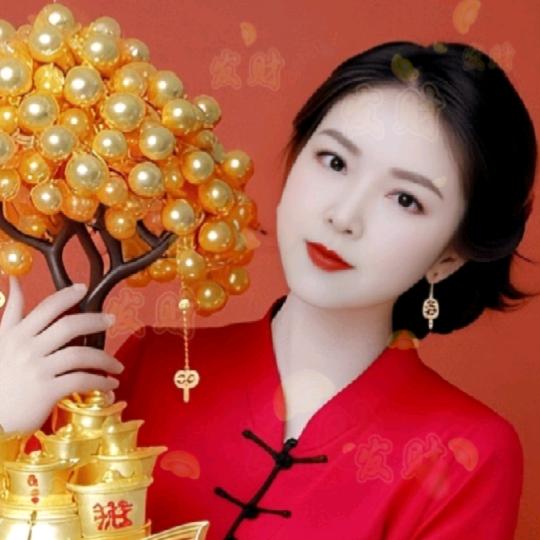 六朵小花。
--
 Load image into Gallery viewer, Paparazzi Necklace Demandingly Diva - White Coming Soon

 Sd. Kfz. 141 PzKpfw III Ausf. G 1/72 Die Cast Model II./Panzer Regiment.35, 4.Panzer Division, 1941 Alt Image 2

**What the task asks**
Only one stretch of the records above is wanted: the lines between the one holding "Load image into" and the one holding "Sd. Kfz. 141", inclusive, reproduced exactly.

**Exercise solution**
 Load image into Gallery viewer, Paparazzi Necklace Demandingly Diva - White Coming Soon

 Sd. Kfz. 141 PzKpfw III Ausf. G 1/72 Die Cast Model II./Panzer Regiment.35, 4.Panzer Division, 1941 Alt Image 2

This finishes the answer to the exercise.